8.3.2.1. Interpretation:#
A higher integrated area under the PR curve (AUC) indicates better performance.
This figure shows the aforementioned classes that are performing well have a greater AUC then underrepresented classes.
8.3.3. Recall-Confidence (R) Curve#
The Recall Curve shows how recall changes with different thresholds.
X-axis: Confidence (e.g., 0 to 1).
Y-axis: Recall values.
8.3.3.1. Interpretation:#
High recall at low thresholds indicates the model captures most positive instances.
Similar to the PR curve, a higher AUC generally indicates higher performance. Uniquely, this type of graph allows you to analyze your models predictive accuracy on edge cases. This is because you are able to assess performance of correct IDs even if the confidence is low. For classes detected on the edge of the camera lense that is subject to chromatic aberation and being partially blocked. Looking at the recall rate at low confidence can be a good indicator of detection performance and model health.
8.3.4. Precision Curve#
The Precision Curve depicts precision as a function of the confidence threshold.
X-axis: Confidence threshold.
Y-axis: Precision.
8.3.4.1. Interpretation:#
A sharp drop in precision at higher thresholds indicates overconfidence in predictions.
How to Use: Adjust the threshold to balance precision and recall.
In this figure the model is reporting an increase in precision as confidence increases. Noticably the Anoplopoma shows a sharp drop in precision at the higher confidence threshold, this sharp drop is indicative of overfitting where a model too confidentally learns features in the training set that are not representative of a class in real world data. This can be remedied by rebalance of the Train/Val splits and ensuring enough representative classes in the dataset.
8.3.5. Confusion Matrices#
8.3.5.1. Standard Confusion Matrix#
Values are counts which can be useful for detecting class imbalance.
Rows: True labels.
Columns: Predicted labels.
8.3.5.2. Normalized Confusion Matrix#
Values are normalized to show percentages rather than counts. Oftentimes this figure will be the one reported as it gives per class values that are not affected by class imbalance.
Rows: True labels.
Columns: Predicted labels.
8.3.5.3. Interpretation:#
High diagonal values indicate accurate predictions.
Off-diagonal values highlight misclassifications.

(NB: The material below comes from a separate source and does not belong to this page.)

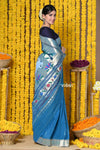Rajsi~ Handloom Pure Cotton Muniya Border Saree WIth Handcrafted Pichwai Pallu in Cerulean Blue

In this figure the model is reporting relatively high performance for most classes. In an ideal world, a perfect model would predict the true label 100 percent of the time, this would lead to the graph showing a perfect diagonal line with no hits for the other classes. When working with real world data this is never the case. In this specific example we can note a couple of things. First it is important to see that class imbalance can change the way these metrics are reported. One example of this is the difference between the Liponema and Sebastes class. Both classes show high Predicted/True values looking at the normalized matrix. However when looking at the raw counts we can see that the 97% reported by Sebastes shows 7933 true labels and around 300 missidentification (or entire misses in the case of “background” detections). Contrarily although Liponema is reporting a 100% Predict/True, that rate is based only on 13 correct IDs.
8.4. Putting It All Together#
Interpreting these graphs helps diagnose issues like:
Overfitting: High training accuracy with low validation accuracy.
Underfitting: Both training and validation accuracy remain low.